Moby-Dick (the opera, not the book, though I love the book)
Ah, an expansion of cultural horizons! I had never been to The Metropolitan Opera, and as an avowed Dick-Head my interest was piqued when I saw that they would be mounting a production of the 2010 opera based on Moby-Dick. I bought a ticket for a Tuesday night performance, primarily because it started at 7pm, had a martini with dinner at PJ Clarke’s beforehand (ok, 2 martinis), and plodded across the courtyard at Lincoln Center as dusk fell.
I really enjoyed the show! I haven’t seen opera of any stripe since I was in college and I forgot the scale that these things can have. There was like a hundred dudes running around with ropes and harpoons and stuff. Sitting in the nosebleeds gave me a real appreciation for the craft and technical skill of the vocalists - with minimal amplification (possibly none at all?) the way the singing carried up to my velvet perch was astounding. The set and stagecraft was simple and elegant. All that being said, I had a few grievances with the experience.
I was the only person with binoculars. They rent binoculars at Lincoln Center for gods sake, I am not the weirdo here. Jokes on everyone else, I was able to see plenty of cool details on stage. Also if you go to the opera and you don’t want to look through a set of small binoculars, you are a philistine who hates fun and can get out of my life.
Some dipshit in my row was guffawing with irony at a few, I don’t know, cringey moments in the opera? Can such a concept exist in such a sincere art form? Spoiler warning, they don’t depict an actual whale onstage during the show, and at the end Captain Art-Knower loudly scoffed and heckled “where’s the whale?” We were both in the restroom afterwards and he said “love that we didn’t see the whale in an opera about a whale” and I wanted to dunk his head in the toilet. Ever hear of “theater of the mind”, asshole?
I wish this was not an issue but in my heart of hearts I know it was for me. When Captain Ahab is introduced, he is wearing a hat and it was not the kind of hat that I wanted him to be wearing. Please appreciate how vulnerable I am being in bearing my stupidity in this matter. In my defense - think of Captain Ahab wearing a hat. I know you know exactly what kind of hat that is. HE WASN’T WEARING THAT KIND OF HAT. This was my only qualm with Ahab, the gentleman singing the role was absolutely cooking up there and I believe he was an understudy making his Metropolitan Opera debut, so my sartorial bugaboo is actually a credit to his performance.

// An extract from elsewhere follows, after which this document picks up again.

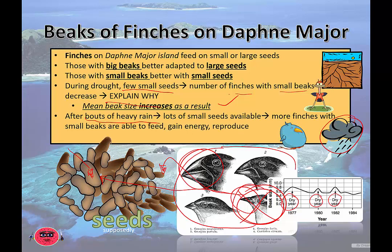After bouts of heavy rain, a lot of small seeds become available again, so the opposite effect happens. Due to variation, not all of the small-beaked birds have been eliminated — there are still a few carrying the genes for smaller beaks. Because smaller seeds become available, these birds are more successful. They're able to access food, gain energy, reproduce, and pass on their genes to the next generation.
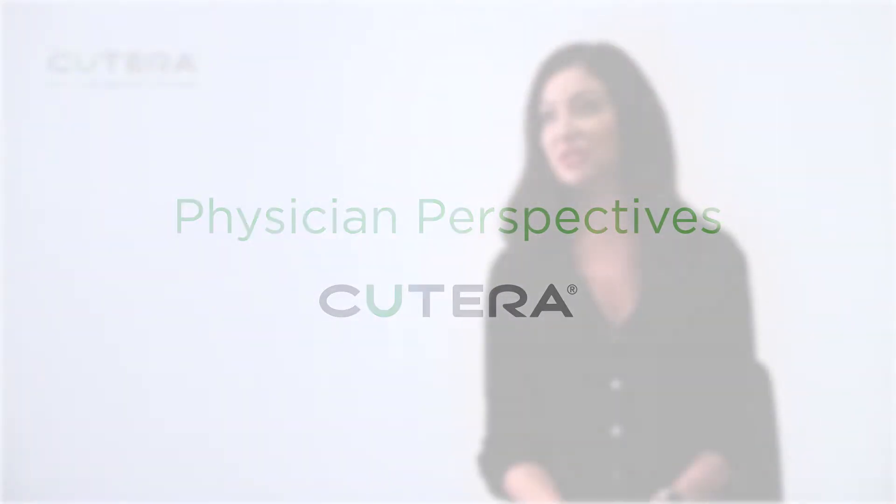The XLV — I feel it's a game changer in any practice. I absolutely love the XLV. It is great, especially me being in a dermatology practice. I feel it's great for all practices, but with a dermatology practice, you've got patients that come in with a wide array of vascular things or pigmentation.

Wolf Hall Trilogy by Hilary Mantel
I am just getting started on the third book in Mantel’s Wolf Hall trilogy, which is a fictionalized biography about Thomas Cromwell, who was chief minister, Lord of the Privy Seal, Master of the Rolls, and several other British sounding titles to Henry VIII. Mantel’s characterization of Cromwell is that of a highly functioning brick shithouse of a man who rose far above his birth as the son of a blacksmith to the right hand of the king. Nobody can really figure him out, but he seems smarter than everyone because he understands that Henry VIII is kind of crazy and can’t be treated like a reasonable person. Also this guy loves paperwork. The books are a lot of fun, even though its a lot of pale men sitting around by candlelight being all “Geez, I’m not sure this whole annulment with Katherine of Aragon thing is going to work out” and then another is like “Oooh it better not, but I shouldn’t say that too loudly” and then a lady says “Oi, this Anne Boleyn is a real piece of work, huh methinks” etc. etc.
Terrestrial Radio
I recently purchased a small transistor radio so that I could listen to Mets games without having to endure the repetitive commercials dictated by the MLB app listening experience and so that I could listen to WFUV without all that clarity of sound that comes from listening on my phone or computer. Gimme some of that FM texture, baby! Sometimes I’ll futz with the dial and see what I can find, occasionally stumbling upon some gems like a Sunday morning program that was all early reggae and audio of this guy recalling the names of people who came to his book signing, taking full 10 second dead air pauses while he searched his memory. There is something comforting to me about the radio - the knowledge that somewhere out there someone is pulling knobs and pushing buttons to broadcast music or a traffic report or the ramblings of an idiot. Honestly, content wise, it seems like the Wild West on some of these stations. Recently I tuned into WCBS as the end of “I Think We’re Alone Now” by Tiffany was playing, and then the DJ did that thing where they speak over the instrumental beginning part of the next song. The DJ intro-ed and then played the audio of Kieran Culkin’s Oscar speech in its entirety, all over the opening chords of “Hotel California”. I sat there on my couch, staring at the radio, wondering if perhaps I had suffered a head injury.
A New Pair of Boots
Ten years ago I bought myself a pair of Chippewa leather work boots. They were the most expensive individual article of clothing or footwear I had ever purchased for myself, and I did so with the idea that if I took care of them they would last me a long time. And indeed they did; these suckers were hands down my primary shoes for a decade. After I broke them in, they fit my feet like a glove (what many consider the shoes of the hands) and even fit the custom insoles I finally got after almost 2 years of foot pain when I was 27. I lovingly oiled them, got new laces, and had them resoled twice over that span, but recently the sole came loose once more, some of the scratches were not buffing out, and the lacing was starting to come apart. Fixable, but I considered whether I should invest in refurbishment or a new pair of day to day boots. I opted for the latter, and my sore feet are currently wrangling a dandy pair of Red Wing Iron Rangers into submission. This was an emotional purchase; I couldn’t help but feel I was betraying my Chippewas who served me so faithfully all these years. I’m not tossing them though, I fully intend to give them to my grandchildren and explain that I was wearing them when I saw Top Gun: Maverick in 4DX. I also felt it was a hopeful purchase. I’m making a commitment to another decade-plus of caring for a pair of boots, and wondering what films I will see in 4DX while wearing them.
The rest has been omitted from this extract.